Der Innenminister, Jurij Luzenko, informierte gestern auf einer Pressekonferenz darüber, dass Präsident Wiktor Juschtschenko die IS per Anordnung dem Leiter der Verwaltung des Staatlichen Wachschutzes (UGO), Walerij Geletej, unterstellt hat. “Mir wurde die Anordnung des Präsidenten bekannt. die er dem Kommandierenden der IS (Alexander Kichtenko) gab, mit der er Unterabteilungen der IS zur Verstärkung der Bewachung von Einrichtungen überstellte.”, sagte der Leiter des Innenministeriums. Die Anwesenheit der Journalisten nutzend, wandte sich Luzenko an den Präsidenten mit der Bitte “Zurückhaltung an den Tag zu legen und die Eskalation und Hineinziehung der Machtstrukturen in die Konfrontation im Laufe der Vorbereitungen zu den außerordentlichen Wahlen nicht fortzusetzen.”

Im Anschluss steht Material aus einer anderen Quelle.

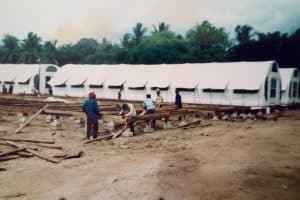 Budowa bazy w Kratie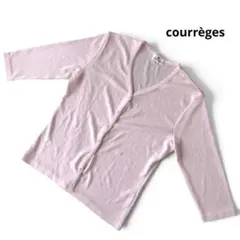 美品 courreges クレージュ カーディガン ピンク M 七分袖 Vネックのサムネイル
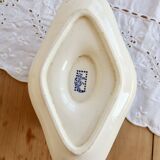 Antique sauce boat in ironstone Salins - Checkerboard model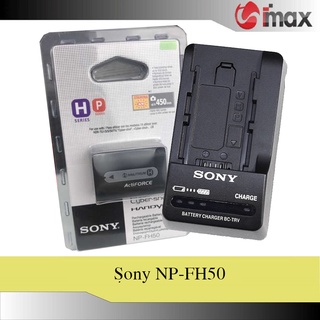 Bộ 01 pin sony np-fh50 + 01 sạc sony bc-trp - hàng nhập khẩu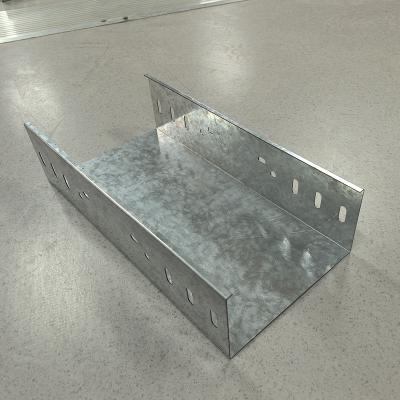 2m-6m Length Galvanized Cable Tray Durable/Easy To Install Wall Mounted Cable Tray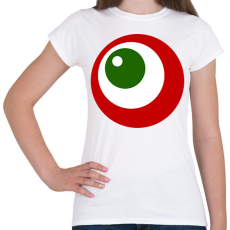 PRINTFASHION Kör kokárda - Női póló - Fehér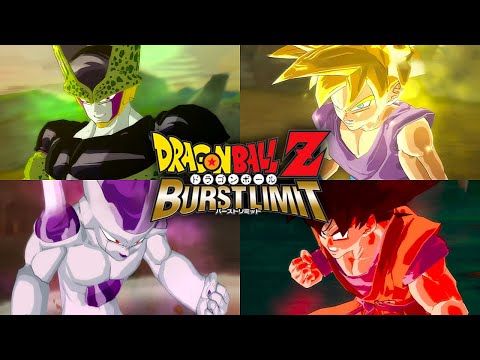Dragon Ball Z Burst Limit - All Transformations (4K 60FPS)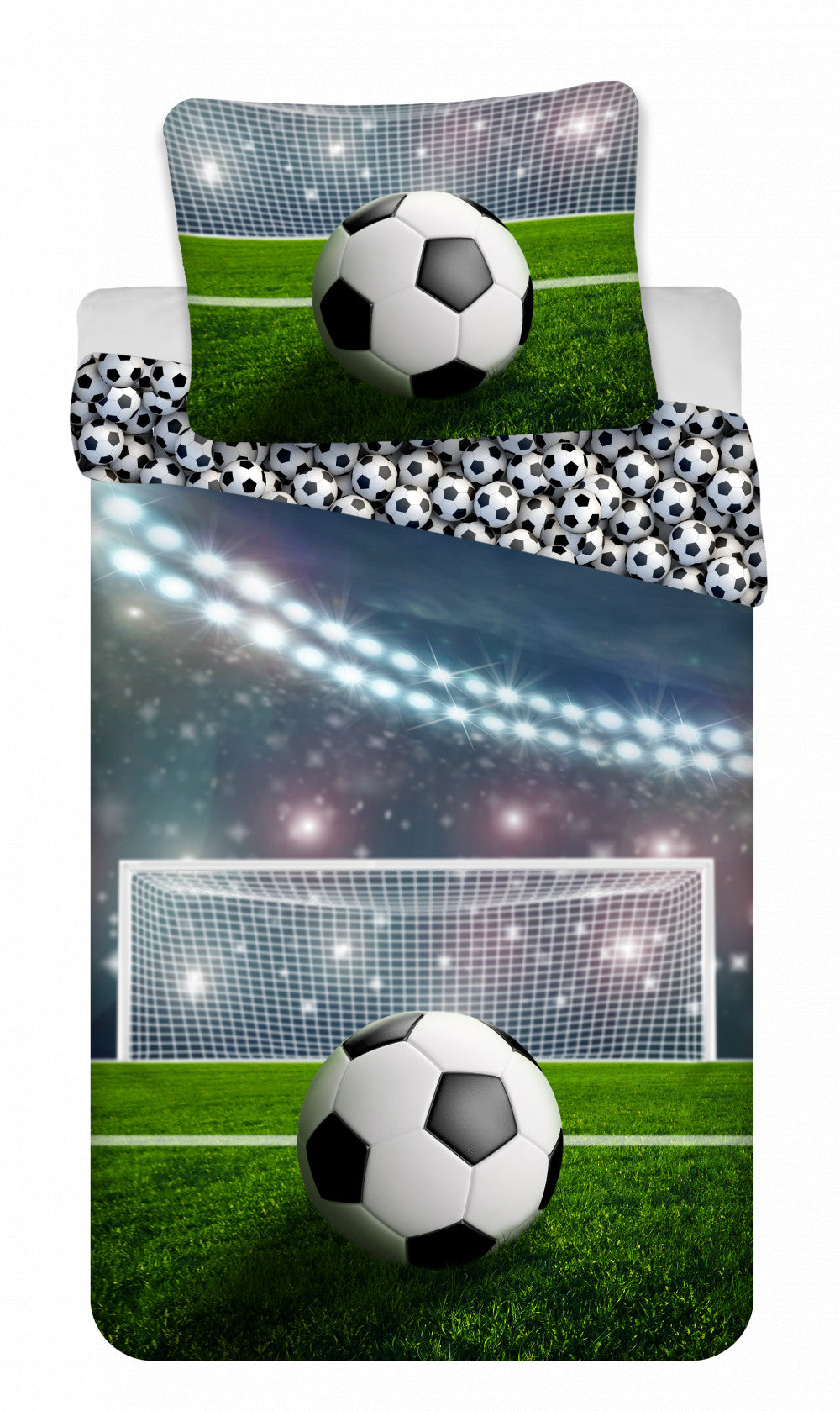 Fußball Kinderbettwäsche 100x135cm, 40x60 cm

Vom Moment der Gründung 1992 bis zum 25. Mai 2007 gehörten die Truppen des Innenministeriums zum Bestand des Ministeriums des Innern und unterstanden dem Innenminister persönlich. Diese Armeeformation ist für die Aufrechterhaltung des Rechtssystems im Kriegszustand, zur Aufrechterhaltung der öffentlichen Ordnung und für Gegenmaßnahmen bei Terror- und Sabotageakten vorgesehen. Am Tage nach der Besetzung der Generalstaatsanwaltschaft durch Spezialabteilungen des Innenministeriums, die der damalige Leiter des Innenministeriums, Wassilij Zuschko, befehligte, unterzeichnete Wiktor Juschtschenko einen Erlass, mit dem er anordnete “die Truppen des Innenministeriums aus dem Innenministerium herauszulösen” und “diese dem Präsidenten der Ukraine zu unterstellen” (Ausgabe des “Kommersant-Ukraine“ vom 29. Mai 2007).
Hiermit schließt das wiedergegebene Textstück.